Regression Testing

Learn and practice regression testing for databases in PostgreSQL.

Regression testing protects against introducing bugs when refactoring code. In SQL, we refactor queries, either because the calling application code is changed and the query must change too, or because we’re hitting problems in production and a new optimized version of the query is being checked in to replace the previous erroneous version.

Regression testing registers the expected results from our queries and then checks actual results against the expected results. Typically, we would run the regression tests each time a query is changed.

Regression test suite in lieu of “tools for testing”

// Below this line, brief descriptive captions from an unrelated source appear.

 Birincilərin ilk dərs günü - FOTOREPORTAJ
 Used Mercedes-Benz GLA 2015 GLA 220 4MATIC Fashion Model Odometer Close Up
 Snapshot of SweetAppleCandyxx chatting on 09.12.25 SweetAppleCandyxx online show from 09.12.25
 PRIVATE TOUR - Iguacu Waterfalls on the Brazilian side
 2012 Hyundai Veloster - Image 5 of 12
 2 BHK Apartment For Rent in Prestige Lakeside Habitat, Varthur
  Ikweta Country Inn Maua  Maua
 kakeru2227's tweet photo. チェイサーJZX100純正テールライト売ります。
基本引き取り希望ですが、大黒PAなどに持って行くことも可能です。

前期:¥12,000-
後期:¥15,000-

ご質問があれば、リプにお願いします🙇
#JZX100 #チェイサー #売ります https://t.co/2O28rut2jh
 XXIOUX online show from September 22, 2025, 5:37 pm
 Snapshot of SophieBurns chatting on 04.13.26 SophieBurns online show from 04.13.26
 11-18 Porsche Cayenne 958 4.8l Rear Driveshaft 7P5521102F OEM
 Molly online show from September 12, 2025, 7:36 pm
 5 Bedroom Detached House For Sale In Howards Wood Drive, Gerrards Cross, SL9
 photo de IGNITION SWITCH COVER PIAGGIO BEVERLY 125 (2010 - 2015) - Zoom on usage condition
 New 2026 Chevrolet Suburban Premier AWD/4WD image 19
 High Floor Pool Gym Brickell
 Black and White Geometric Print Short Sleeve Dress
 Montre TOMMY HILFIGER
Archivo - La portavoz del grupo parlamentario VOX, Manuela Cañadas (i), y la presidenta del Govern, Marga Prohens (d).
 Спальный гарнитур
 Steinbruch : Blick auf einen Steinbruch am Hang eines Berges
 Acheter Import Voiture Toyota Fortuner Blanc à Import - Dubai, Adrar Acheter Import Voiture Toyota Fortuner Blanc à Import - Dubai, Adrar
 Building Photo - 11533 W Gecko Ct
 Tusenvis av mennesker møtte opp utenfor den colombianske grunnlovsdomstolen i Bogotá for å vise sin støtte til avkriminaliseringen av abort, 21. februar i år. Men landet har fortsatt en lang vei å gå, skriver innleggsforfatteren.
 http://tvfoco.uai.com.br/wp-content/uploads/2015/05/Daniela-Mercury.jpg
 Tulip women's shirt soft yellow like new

The PostgreSQL project includes many SQL tests to validate its query parser, optimizer, and executor. It uses a framework named the regression tests suite based on a very simple idea:

  1. Run a SQL file containing our tests with psql
  2. Capture its output to a text file that includes the queries and their results
  3. Compare the output with the expected one that is maintained in the repository with the standard diff utility
  4. Report any difference as a failure

We can have a look at the PostgreSQL repository to see how it’s done; as an example, we could pick src/test/regress/sql/aggregates.sql, and its matching expected result file src/test/regress/expected/aggregates.out.

Implementing that kind of regression testing for our application is quite easy, as the driver is only a thin wrapper around executing standard applications such as psql and diff. The idea would be to always have a setup and a teardown step in our SQL test files, wherein the setup step builds a database model and fills it with the test data and the teardown step removes all that test data.

To automate such a setup and to go beyond the obvious, the pgTap tool is a suite of database functions that make it easy to write TAP-emitting unit tests in psql scripts or xUnit-style test functions. The TAP output is suitable for harvesting, analysis, and reporting by a TAP harness, such as those used in Perl applications.

RegreSQL

The RegreSQL tool implements that idea. It finds SQL files in our repository and allows registering plan tests against them, and then it compares the results with what’s expected.

A typical output from using RegreSQL against our cdstore application looks like the following:

$ regresql test
Connecting to 'postgres:///chinook?sslmode=disable'… ✓
TAP version 13
ok 1 - src/sql/album-by-artist.1.out
ok 2 - src/sql/album-tracks.1.out
ok 3 - src/sql/artist.1.out
ok 4 - src/sql/genre-topn.top-3.out
ok 5 - src/sql/genre-topn.top-1.out
ok 6 - src/sql/genre-tracks.out

You can see it yourself by running the tests in the “Try it yourself” section.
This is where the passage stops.